Departments of 1 Neurological Surgery and.

Pharmacology, Faculty of Medicine, Kagawa University, Kagawa, Japan.

出版信息

J Neurosurg. 2017 Oct;127(4):819-828. doi: 10.3171/2016.9.JNS16431. Epub 2017 Jan 6.
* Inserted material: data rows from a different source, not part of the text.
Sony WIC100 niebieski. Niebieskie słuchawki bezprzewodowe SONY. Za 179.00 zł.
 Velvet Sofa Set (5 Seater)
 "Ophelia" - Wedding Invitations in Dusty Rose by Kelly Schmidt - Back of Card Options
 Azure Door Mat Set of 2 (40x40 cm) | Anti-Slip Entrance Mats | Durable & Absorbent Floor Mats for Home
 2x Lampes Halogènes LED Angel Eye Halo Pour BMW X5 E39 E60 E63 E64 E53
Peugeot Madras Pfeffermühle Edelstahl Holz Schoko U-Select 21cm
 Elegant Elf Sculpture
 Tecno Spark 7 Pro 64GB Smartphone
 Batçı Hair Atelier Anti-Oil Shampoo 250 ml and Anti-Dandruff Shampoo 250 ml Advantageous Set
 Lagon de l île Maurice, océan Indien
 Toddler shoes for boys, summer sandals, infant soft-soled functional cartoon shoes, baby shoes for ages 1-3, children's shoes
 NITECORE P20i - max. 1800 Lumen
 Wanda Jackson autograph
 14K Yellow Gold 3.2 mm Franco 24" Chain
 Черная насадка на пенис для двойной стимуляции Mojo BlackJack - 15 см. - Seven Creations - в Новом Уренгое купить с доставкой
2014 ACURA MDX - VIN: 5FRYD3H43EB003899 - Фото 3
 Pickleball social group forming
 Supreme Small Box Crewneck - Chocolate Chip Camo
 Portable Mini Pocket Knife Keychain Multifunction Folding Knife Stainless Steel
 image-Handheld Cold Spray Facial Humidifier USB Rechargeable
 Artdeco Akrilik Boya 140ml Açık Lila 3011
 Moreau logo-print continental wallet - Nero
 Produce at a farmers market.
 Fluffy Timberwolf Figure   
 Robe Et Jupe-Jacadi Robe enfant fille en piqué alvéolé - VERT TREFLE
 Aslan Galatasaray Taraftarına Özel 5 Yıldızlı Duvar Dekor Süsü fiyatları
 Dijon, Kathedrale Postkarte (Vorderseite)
DOI:10.3171/2016.9.JNS16431
PMID:28059652
Abstract

OBJECTIVE The (pro)renin receptor (PRR) plays an essential role in the early development of the central nervous system by activating the Wnt/β-catenin signaling pathway. The authors investigated the potential role of the PRR in the pathogenesis of glioma. METHODS The authors performed immunohistochemical analysis to detect both the PRR and isocitrate dehydrogenase 1 with mutations involving arginine 132 ( IDH1) in paraffin sections of 31 gliomas. Expression of the PRR and Wnt pathway components in cultured human glioma cell lines (U251MG, U87MG, and T98G) was measured using Western blotting. The effects of PRR short interfering RNA (siRNA) on glioma cell proliferation (WST-1 assay and direct cell counting) and apoptosis (flow cytometry and the caspase-3 assay) were also examined. RESULTS PRR expression was significantly higher in glioblastoma than in normal tissue or in lower grade glioma, regardless of IDH1 mutation. PRR expression was also higher in human glioblastoma cell lines than in human astrocytes. PRR expression showed a significant positive correlation with the Ki-67 labeling index, while it had a significant negative correlation with the survival time of glioma patients. Treatment with PRR siRNA significantly reduced expression of Wnt2, activated β-catenin, and cyclin D1 by human glioblastoma cell lines, and it reduced the proliferative capacity of these cell lines and induced apoptosis. CONCLUSIONS This is the first evidence that the PRR has an important role in development of glioma by aberrant activation of the Wnt/β-catenin signaling pathway. This receptor may be both a prognostic marker and a therapeutic target for glioma.

摘要

目的

(前)肾素受体(PRR)通过激活 Wnt/β-连环蛋白信号通路,在中枢神经系统的早期发育中发挥重要作用。作者研究了 PRR 在神经胶质瘤发病机制中的潜在作用。

方法

作者在 31 例神经胶质瘤的石蜡切片中进行了免疫组织化学分析,以检测 PRR 和涉及精氨酸 132 突变的异柠檬酸脱氢酶 1(IDH1)。使用 Western blot 检测培养的人神经胶质瘤细胞系(U251MG、U87MG 和 T98G)中 PRR 和 Wnt 通路成分的表达。还检查了 PRR 短发夹 RNA(siRNA)对神经胶质瘤细胞增殖(WST-1 测定和直接细胞计数)和凋亡(流式细胞术和 caspase-3 测定)的影响。

结果

PRR 的表达在胶质母细胞瘤中明显高于正常组织或低级别胶质瘤,而与 IDH1 突变无关。PRR 的表达在人神经母细胞瘤细胞系中也高于人星形胶质细胞。PRR 的表达与 Ki-67 标记指数呈显著正相关,而与神经胶质瘤患者的生存时间呈显著负相关。用 PRR siRNA 处理可显著降低人神经母细胞瘤细胞系中 Wnt2、激活的β-连环蛋白和细胞周期蛋白 D1 的表达,并降低这些细胞系的增殖能力并诱导凋亡。

结论

这是 PRR 通过异常激活 Wnt/β-连环蛋白信号通路在神经胶质瘤发生中具有重要作用的第一个证据。该受体可能既是神经胶质瘤的预后标志物,也是治疗靶点。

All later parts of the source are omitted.